Mise en examen et conditions du contrôle judiciaire
Mohamed Sanhadji, responsable logistique et sécurité de l'équipe de France masculine de football, a été mis en examen mercredi à Paris pour corruption d'une personne dépositaire de l'autorité publique. Le parquet de Paris a annoncé la mise en examen vendredi après la garde à vue de Sanhadji. L'enquête judiciaire porte sur un transfert financier de 60 300 euros que Sanhadji a reçu en juin 2023 de l'attaquant de l'équipe de France Kylian Mbappé.
Dans le cadre du contrôle judiciaire ordonné par le magistrat, Sanhadji doit verser un cautionnement de 80 000 euros. L'ordonnance impose des limitations strictes à ses activités professionnelles, lui interdisant d'exercer des fonctions de police nationale et de travailler dans le secteur du sport professionnel. Cette restriction couvre tout travail rémunéré avec des clubs de football français ou étrangers, la Fédération française de football (FFF) et les instances sportives internationales.
Interdictions étendues de contacts et de lieux
Les mesures de contrôle judiciaire interdisent explicitement à Sanhadji de maintenir des contacts avec plusieurs groupes liés au football français et à la sécurité de l'État. Il lui est interdit de communiquer avec les joueurs passés et présents des équipes de France, l'encadrement technique actuel, les anciens et actuels sélectionneurs, ainsi que les anciens et actuels présidents et employés de la FFF. L'interdiction s'étend aux directeurs et directeurs adjoints de la DCCRS (Direction centrale des compagnies républicaines de sécurité) en fonction depuis 2011.
Sanhadji est également interdit de pénétrer dans les principaux lieux du football français sans autorisation judiciaire expresse. Les lieux restreints comprennent le siège de la FFF à Paris, le centre national d'entraînement de football à Clairefontaine, le Stade de France à Saint-Denis et le Parc des Princes.
- Sanhadji commence à gérer la sécurité de l'équipe de France de football en tant qu'officier de police
- Mbappé remet un chèque de 60 300 euros provenant de ses primes de Coupe du monde 2022 à Sanhadji
- Sanhadji prend sa retraite anticipée de la police et est embauché directement par la FFF
- Le parquet de Paris confirme la mise en examen de Sanhadji pour corruption d'une personne dépositaire de l'autorité publique
Origine du versement des primes de Coupe du monde
Sanhadji a travaillé comme officier de police chargé de superviser la sécurité de l'équipe de France de 2004 à décembre 2025. La transaction financière a eu lieu en juin 2023, après la Coupe du monde 2022 au Qatar. Mbappé a émis un chèque de 60 300 euros provenant de ses primes de tournoi à l'ordre de Sanhadji. La transaction a été signalée par un banquier comme un cadeau d'usage, mais Sanhadji n'avait pas informé sa hiérarchie policière de ces fonds.
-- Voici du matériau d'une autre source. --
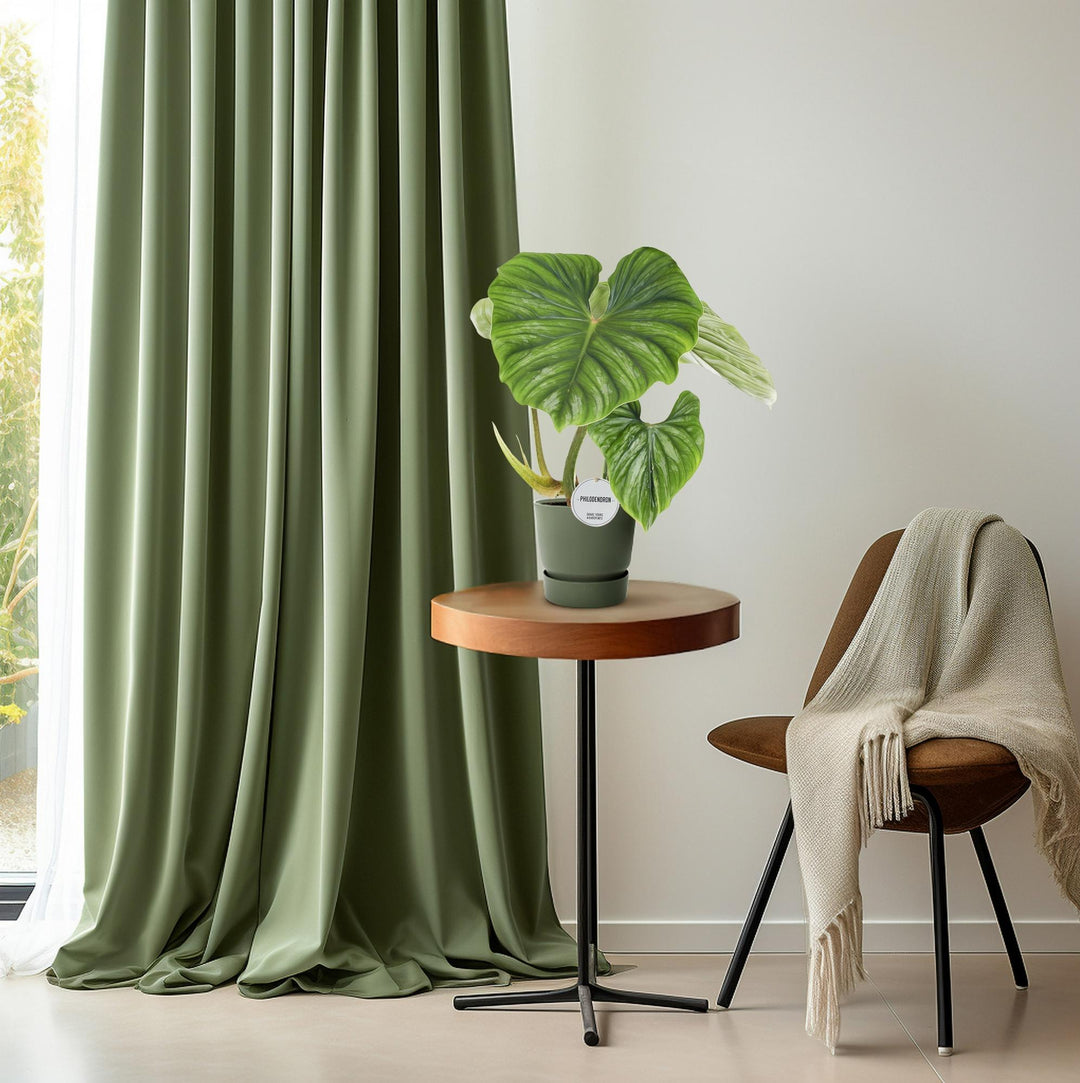 Indoor Plants — Houseplants for Every Room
Des sanctions policières internes ont suivi le défaut de déclaration des fonds, conduisant Sanhadji à prendre une retraite anticipée de la police nationale en décembre 2025. Malgré les sanctions disciplinaires, Sanhadji est resté bien considéré parmi les joueurs de l'équipe de France et au sein de la fédération. La FFF l'a recruté directement comme membre du personnel civil pour gérer la logistique et la sécurité de l'équipe en vue de la Coupe du monde 2026.
Répercussions pour le staff de Zinédine Zidane
Les procédures judiciaires créent un défi opérationnel immédiat pour la Fédération française de football et le nouveau sélectionneur Zinédine Zidane. Sanhadji avait servi aux côtés de l'équipe pendant plus de deux décennies, établissant des liens étroits avec des générations de joueurs et d'administrateurs avant son intégration formelle dans le staff de Zidane. Avec l'interdiction judiciaire pour Sanhadji d'accéder à Clairefontaine, aux stades et à toutes les activités sportives, la FFF doit réorganiser ses opérations de sécurité alors que l'enquête judiciaire se poursuit.